# Does your puppy spend most of the day in a crate?



## Stonevintage (Aug 26, 2014)

Just wondering if this is ok to do.


----------



## ILoveBella478 (Mar 13, 2015)

Nope I don't agree with it if I'm home then she's out no point in being outside all day or inside the crate that can create major problems


----------



## Stonevintage (Aug 26, 2014)

A lot of people have to work all day.


----------



## Kahrg4 (Dec 19, 2012)

Efa is crated during the day while I'm at work. Cafall has earned house privileges and so is not crated. Depending on the age of your pup you may want to invest in a pet sitter or friend who can come and let the dog out at midday.


----------



## llombardo (Dec 11, 2011)

I have had 4 puppies in the last 5 yrs and I work full time. I always made it that someone was able to let them out mid day so they got a potty break and time to stretch, so they were never in the crate for 8-10 hours straight, but no more then 5 hours at a time. All of them were completely done with the crate by 7 months old. My youngest golden is still in a gated room for his own safety(he will get into stuff but is potty trained). While potty training I kept the same crate schedule even when I was home. By being strict and sticking to that schedule for a short time(a few months of their lives) I created a routine that they got used to and it was beneficial to all. I have very happy well adjusted dogs and using the crate as a training tool did not cause issues, but made life better for all. It paved the way for their freedom, which they can enjoy for the next 15 years(God Willing)


----------



## wolfy dog (Aug 1, 2012)

Besides the the ethical part of it, I don't think it is physically healthy to keep them confined in such a tiny space. Hope that a vet can respond to this issue. 
We eat eggs from cage free hens, yet we lock up a pup for ten hours?
I am all for crate training but not to this extend.


----------



## McWeagle (Apr 23, 2014)

Kahrg4 said:


> Efa is crated during the day while I'm at work. Cafall has earned house privileges and so is not crated. Depending on the age of your pup you may want to invest in a pet sitter or friend who can come and let the dog out at midday.

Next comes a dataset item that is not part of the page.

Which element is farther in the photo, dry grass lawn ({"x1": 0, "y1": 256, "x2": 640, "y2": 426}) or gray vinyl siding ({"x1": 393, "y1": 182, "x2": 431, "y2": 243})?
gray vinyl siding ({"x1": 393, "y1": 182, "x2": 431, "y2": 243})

We've done exactly this. Either hubby or I came home to let Nox out for a pee at lunch till he was 7 mos old and could easily hold it 7 the hours he's in a crate on weekdays. Frankie is 6 and long ago earned the run of the house. Nox still chases the cats, with intent (maybe?), so he stays in the crate until he can handle those urges.


----------



## Jax08 (Feb 13, 2009)

Yes. I work. Our dogs, that still need to be crated, are let out at noon and then go back in until we are back home. 

I've seen some awfully anti-crate, it's abuse, posts from you so wondering why the thread given how you feel about it?


----------



## Kaimeju (Feb 2, 2013)

Pup is crated in my office. He gets breaks every two hours, and an hour of exercise and training at lunch. Also an hour of off-leash play before and after work. I adjust what we do based on his energy level and what I think he would benefit most from that day.

I took a week off from work when I got him so that he would not have to be in the crate immediately. I used an ex-pen instead. But he still ended up sleeping for 8-9 hours in the same spot anyway, just in the ex-pen. 

For those who do not use a crate, what do you use to prevent destructive behaviors and accidents? I have heard some people puppy-proof a room and put turf in one corner. If I did that with Duncan, he would eat the turf and the walls. For some reason, he settles immediately in the crate, but a room is too much temptation for him.


----------



## dmom (Jul 2, 2009)

My dogs are crated at night to sleep crates are extra large so they have more than enough room I sleep in one spot (my bed) so do they their crates. If I need them to be crated during the day they are otherwise they roam the house. Unless we are outside they usually will lay in one spot and nap or freely go nap in their crates. I have one dog that puts herself to bed in her crate about 9:00 every night.


----------



## gsdsar (May 21, 2002)

My dogs are crated when I am at work. Except Nix, he is baby hated in the family room. If I am home, they are out. They sleep out at night, in my bed usually. 

When Nix was a baby, I used the crate fairly liberally.


----------



## eddie1976E (Nov 7, 2010)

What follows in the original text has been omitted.